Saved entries
>>>>
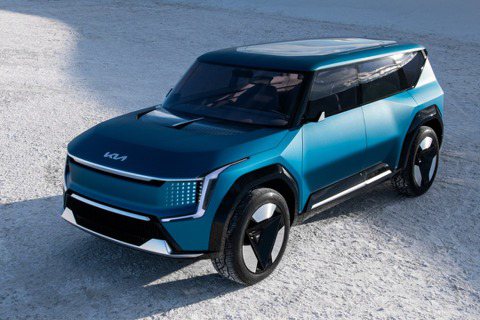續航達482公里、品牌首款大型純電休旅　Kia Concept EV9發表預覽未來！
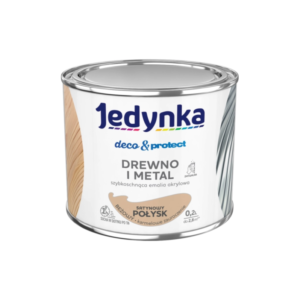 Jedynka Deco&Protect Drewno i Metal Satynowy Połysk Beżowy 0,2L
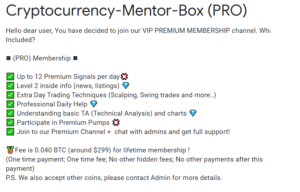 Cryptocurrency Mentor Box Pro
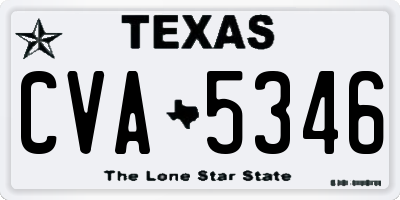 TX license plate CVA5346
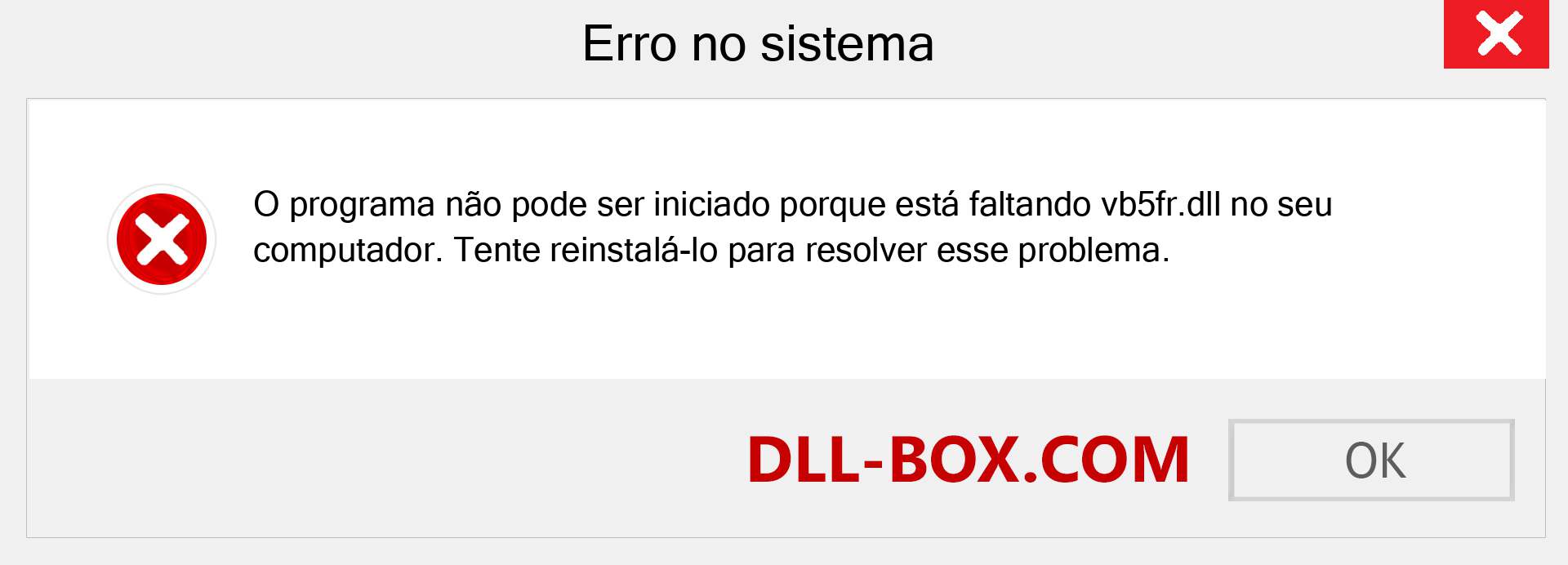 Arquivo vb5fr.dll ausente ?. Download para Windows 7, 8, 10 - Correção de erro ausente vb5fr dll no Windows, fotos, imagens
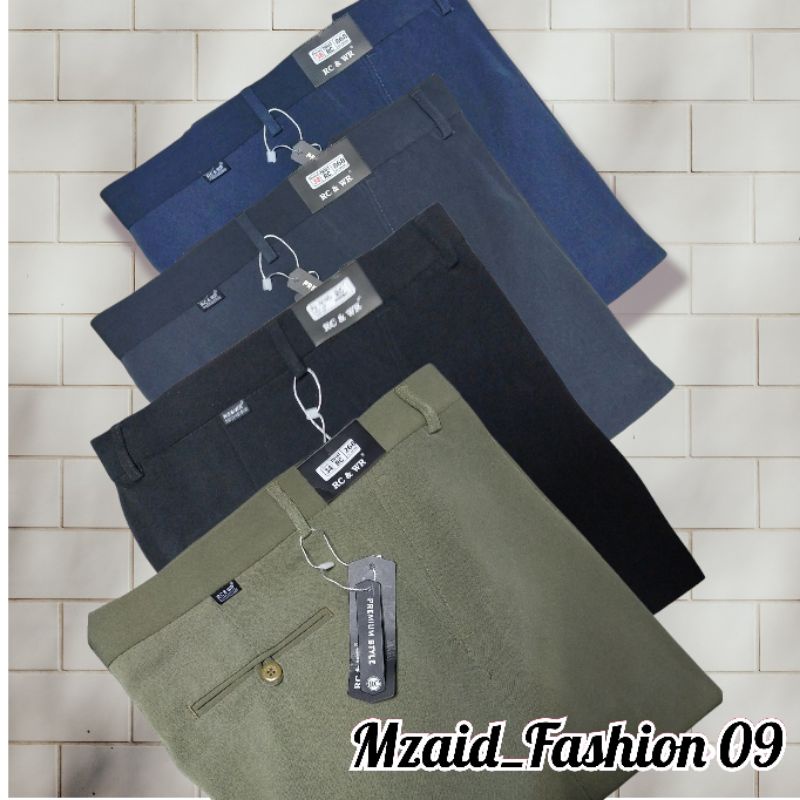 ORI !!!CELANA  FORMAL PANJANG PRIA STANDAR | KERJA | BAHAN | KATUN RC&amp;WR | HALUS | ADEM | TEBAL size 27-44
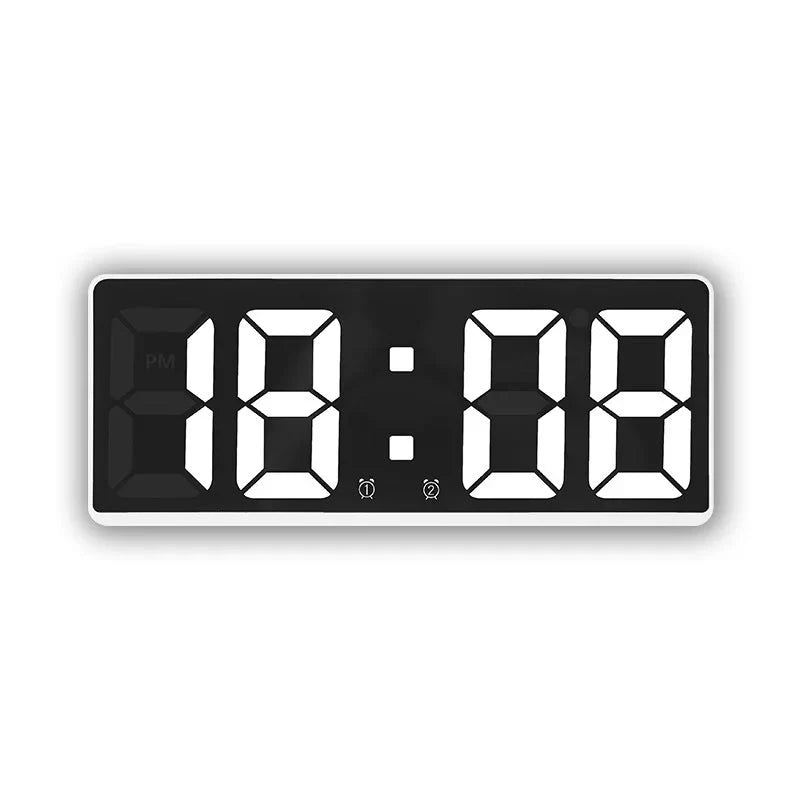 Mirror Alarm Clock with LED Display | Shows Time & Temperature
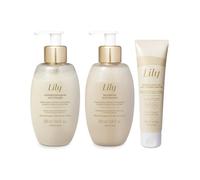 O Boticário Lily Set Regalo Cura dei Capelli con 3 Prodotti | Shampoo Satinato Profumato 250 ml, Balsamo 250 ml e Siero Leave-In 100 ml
<<<<
>>>>
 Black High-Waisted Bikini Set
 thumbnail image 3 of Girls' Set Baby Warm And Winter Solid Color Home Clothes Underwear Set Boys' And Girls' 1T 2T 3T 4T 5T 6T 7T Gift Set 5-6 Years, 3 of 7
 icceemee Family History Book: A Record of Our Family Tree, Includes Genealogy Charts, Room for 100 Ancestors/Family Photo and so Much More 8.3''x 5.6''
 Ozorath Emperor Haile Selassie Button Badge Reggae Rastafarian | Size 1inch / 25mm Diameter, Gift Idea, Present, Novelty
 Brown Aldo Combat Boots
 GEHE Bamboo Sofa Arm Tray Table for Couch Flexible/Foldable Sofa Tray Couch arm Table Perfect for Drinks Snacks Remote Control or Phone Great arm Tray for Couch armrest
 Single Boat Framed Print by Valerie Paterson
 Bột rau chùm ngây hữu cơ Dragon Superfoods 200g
<<<<
>>>>
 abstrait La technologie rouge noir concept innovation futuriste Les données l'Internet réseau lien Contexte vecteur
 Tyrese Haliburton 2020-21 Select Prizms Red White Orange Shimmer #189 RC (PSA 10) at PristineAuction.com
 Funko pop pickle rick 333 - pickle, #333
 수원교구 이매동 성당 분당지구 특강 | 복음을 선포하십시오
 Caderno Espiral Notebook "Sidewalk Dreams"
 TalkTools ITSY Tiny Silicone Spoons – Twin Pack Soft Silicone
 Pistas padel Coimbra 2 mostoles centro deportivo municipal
<<<<
→ Problem to work on: The reply should hold the entries above from the line with "TX license plate CVA5346" to the line with "O Boticário Lily", duplicated exactly, pictures excluded.

→ Solution:
 TX license plate CVA5346
 Arquivo vb5fr.dll ausente ?. Download para Windows 7, 8, 10 - Correção de erro ausente vb5fr dll no Windows, fotos, imagens
 ORI !!!CELANA  FORMAL PANJANG PRIA STANDAR | KERJA | BAHAN | KATUN RC&amp;WR | HALUS | ADEM | TEBAL size 27-44
 Mirror Alarm Clock with LED Display | Shows Time & Temperature
 O Boticário Lily Set Regalo Cura dei Capelli con 3 Prodotti | Shampoo Satinato Profumato 250 ml, Balsamo 250 ml e Siero Leave-In 100 ml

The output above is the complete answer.